Malcolm Street reports on his week in Trakka’s penultimate Trakkaway-series motorhome…
I recently spent a week at the Campervan and Motorhome Club's (CMCA) National Rally at Narrabri and my transport and accommodation for most of that week was a Trakka Trakkaway 770 motorhome. Whilst not being a large RV manufacturer, Trakka builds a good range of motorhomes, especially in their coachbuilt Trakkaway range, with something for everyone, from a 7 m/23 ft rig to the very comfortable tandem-axle 8.6 m/28 ft unit. All are built on a Fiat Ducato cab that’s bolted to an Al-Ko chassis. The Trakkaway 770 (7.7 m/25 ft) undoubtedly has one very attractive feature: a fixed island bed at the rear. It's available in two body forms, with a Luton peak over the cab (Aero 4) or without (Aero 2) and my review vehicle was the latter.
Like most local manufacturers, Trakka buy the Ducatos with the most powerful turbo-diesel available, that is the Multijet 180 model, which puts out a maximum of 132 kW of power and a very generous 400 Nm of torque. As noted above, it comes attached to an Al-Ko chassis; one that comes fitted with Al-Ko’s Level Controller (ALC). It is used instead of a conventional shock absorber and automatically sets the level of the motorhome. It’s not air bag suspension, which relies on an external air source, but one which uses vehicle motion to power an internal oil/gas system.
Given it's a Trakka motorhome, the 770 body fits the Ducato very well. A close look at the fibreglass body reveals quite a number of what are known as complex curves – top and bottom. That means areas like the roof are curved both fore and aft and to the sides. This not only makes for a better looking motorhome but has practical value as well – rainwater runs off the roof and in the case of the mouldings on the rear wall, they act as a rainwater retrieval system. In addition those same rear mouldings are curved inwards, thus not only improving the air flow but very much taking away the boxy look.
For the entry door, Trakka has fitted its usual Dometic door with non-opening window and a moulded-in garbage bin, but not an insect screen. I have to say that I missed that particular item on warmer days. Windows are the usual Seitz double-glazed items with integrated screens and blinds.
One of the assets of the low Al-Ko chassis is that good external bin space can be built in, in this case with a rear boot that also has access from the nearside. On the opposite side is where the gas cylinder bin, with two 4.0 kg gas cylinders, is located. Also to be found along the offside are the three water filler connections (main tank, mains pressure fitting and rain water tank) and the power cord holder. Instead of just coiling up a separately connected lead, this one is permanently connected, with a fixed holder. It's a fairly neat arrangement that I like, but slightly time consuming to wind up. It is, however, always good for someone like me who carries various lengths of power cord depending on where I’m camped – like a CMCA rally.

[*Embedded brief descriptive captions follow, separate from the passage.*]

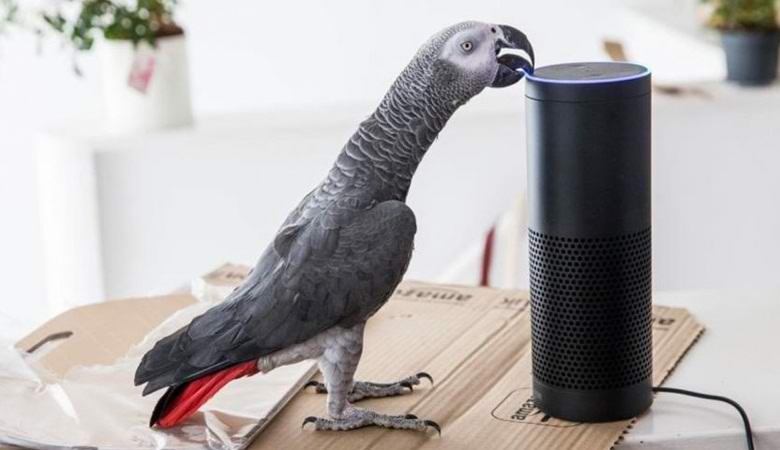 Puhuva papukaija itse tilasi paketin Internetin kautta.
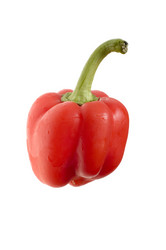 Similar image 111700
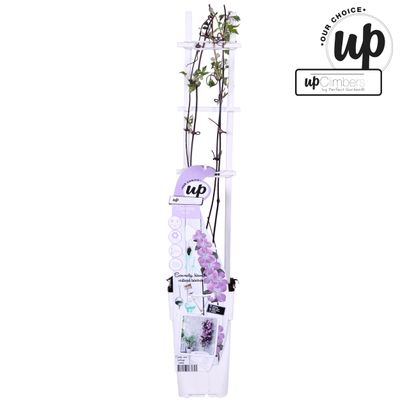 Clematis Montana ‘Fincent’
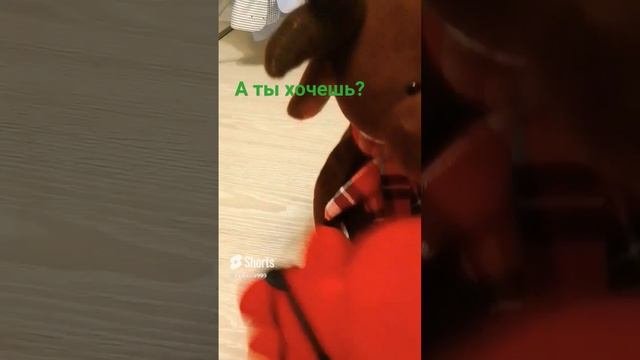 хочешь или нет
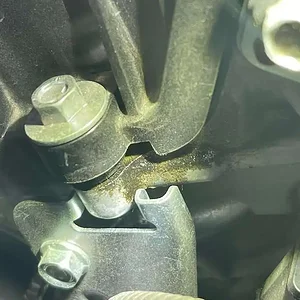 image4 (10).jpeg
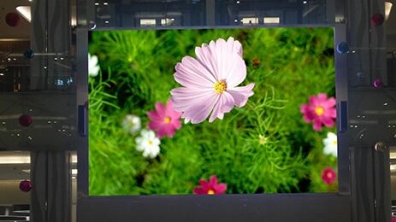 <b>Mini LED來(lái)勢(shì)洶洶，OLED還扛得住嗎？</b>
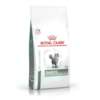 Ração Royal Canin Diabetic - Gatos Adultos Ração Royal Canin Diabetic - Gatos Adultos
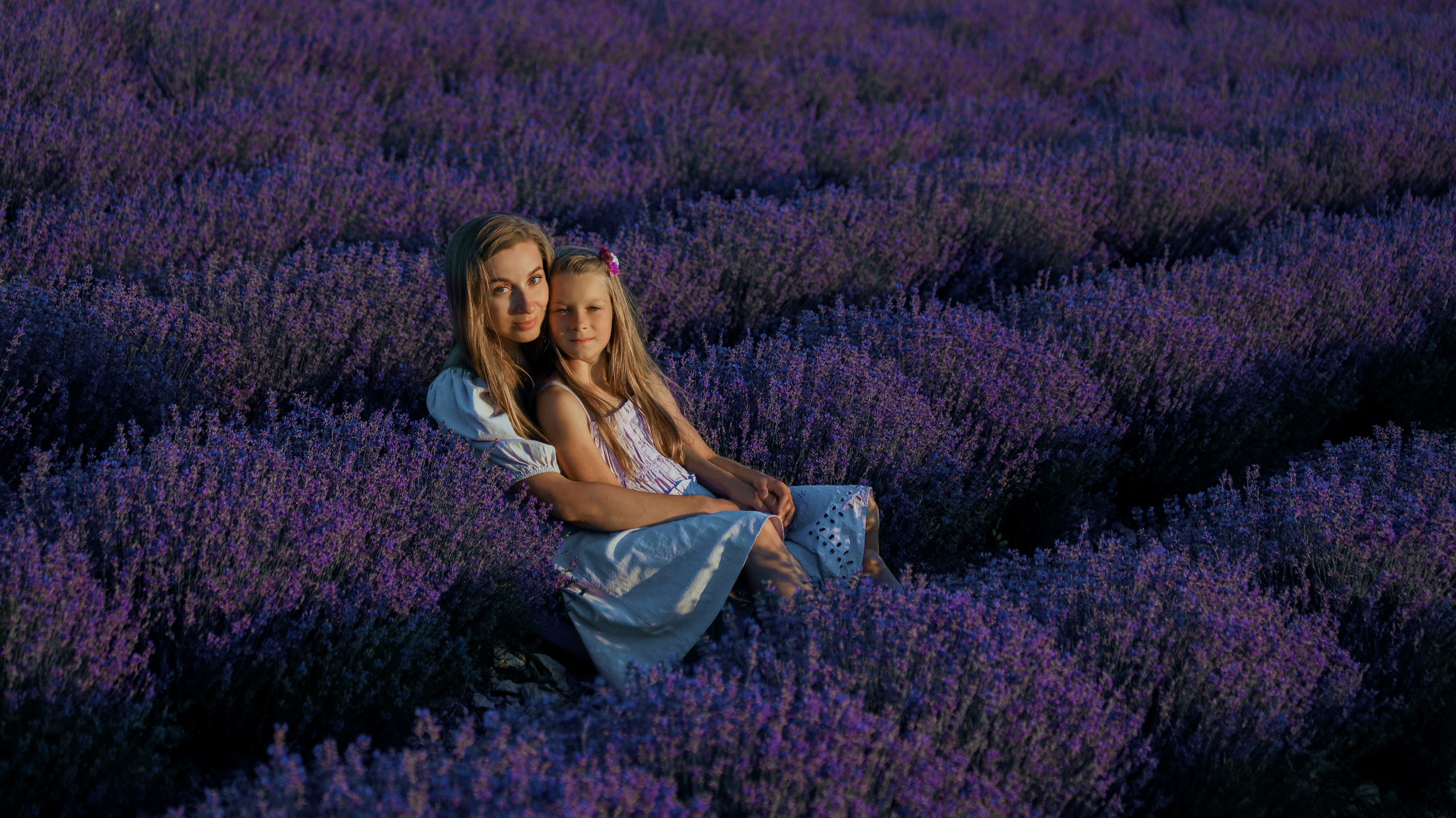 Лаванда. Фотограф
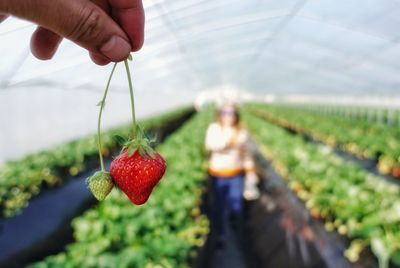 Close-up of hand holding strawberry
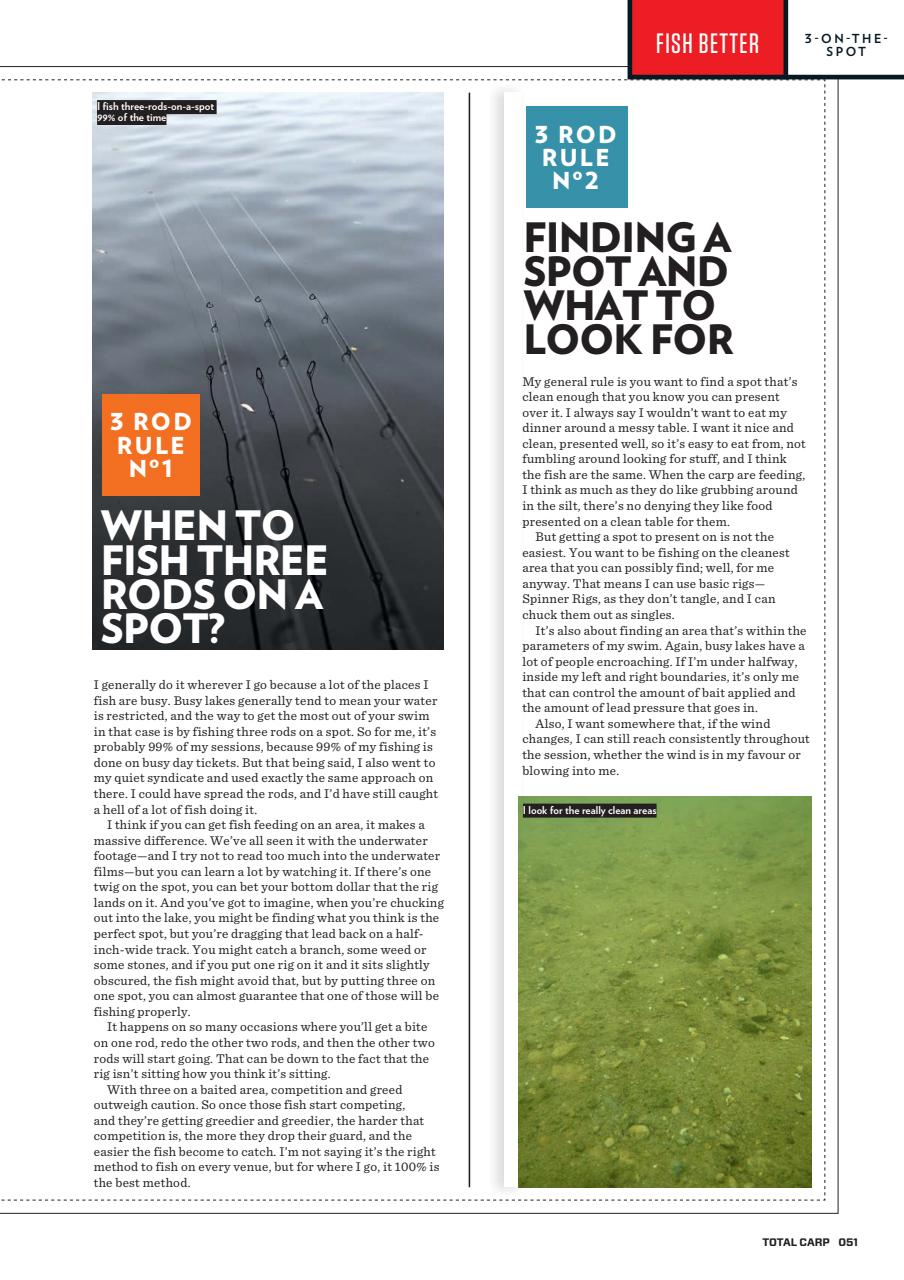 Total Carp Preview Pages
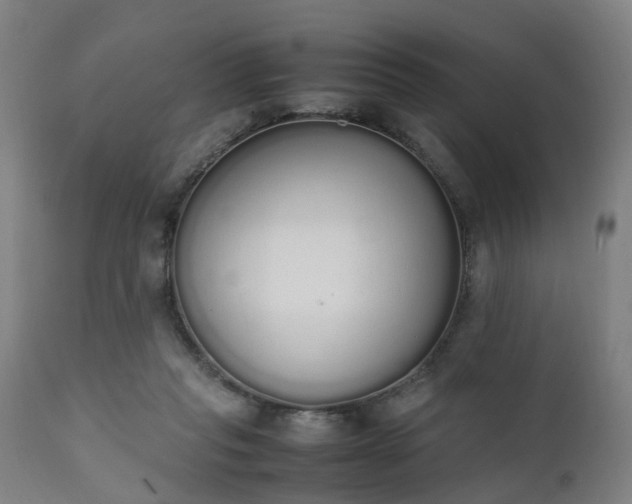 X0000111450261200907201056
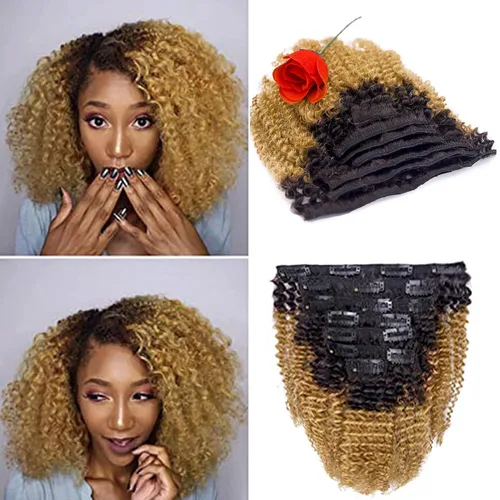 Loxxy Afro rizado extensiones de clip grueso 100 % virgen Remy cabello humano 4B 4C negro natural 7 piezas con 17 clips 4.23 onzas/120 g por juego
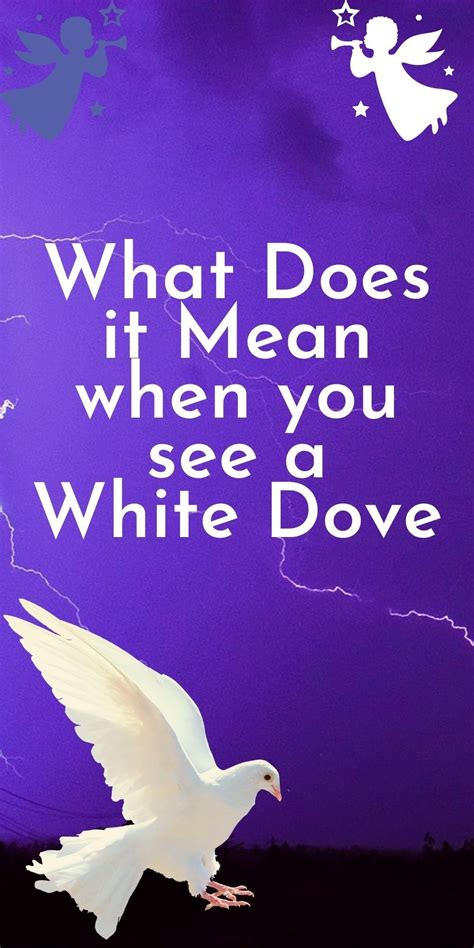 What Does It Mean When You See A White Dove Symbolism And Spiritual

Naturally, the 770 comes fully equipped electrically. Two 100 AH deep-cycle batteries are charged by both a 25 A battery charger and a 135 W solar panel on the roof. If needed, a 1200 W inverter is available as an option.
On the Road
The drive from Sydney to Narrabri is an excellent test of a motorhome, especially if a diversion is taken through the Hunter Valley wineries. Although the trip is mostly freeway/highway travel, the New England highway provides all kinds of road conditions, including multiple numbers of road works sites.
Suffice to say the Ducato-powered 770 moved along very nicely. There's no doubt in my head that the 3.0 litre 132 kW turbo-diesel is the way to go with this sized motorhome. Although the smaller and lower powered 2.3 litre 96 kW and 109 kW engines have started to appear in a few imports, the 132 kW engine, bolted to the six speed AMT gearbox, provides a relaxed and stress free drive. I'm not being a lead foot: My criteria is the ability to maintain highway speeds without difficulty in most situations.
In the driver and passenger comfort department my 770 came with the optional leather upholstery on the cab seats, which along with the matching leather seats in the rear certainly adds a touch of class. The driver’s cab has all the usual items including GPS and Bluetooth. Mr Publisher will love this – unlike earlier models, the Fiat radio does have a USB connection – which means the ability to plug in one's iPod but some glitch means the only way to turn the iPod on/off or change tracks is by unplugging it. Fiat still apparently have not heard of a simple 3.5mm socket.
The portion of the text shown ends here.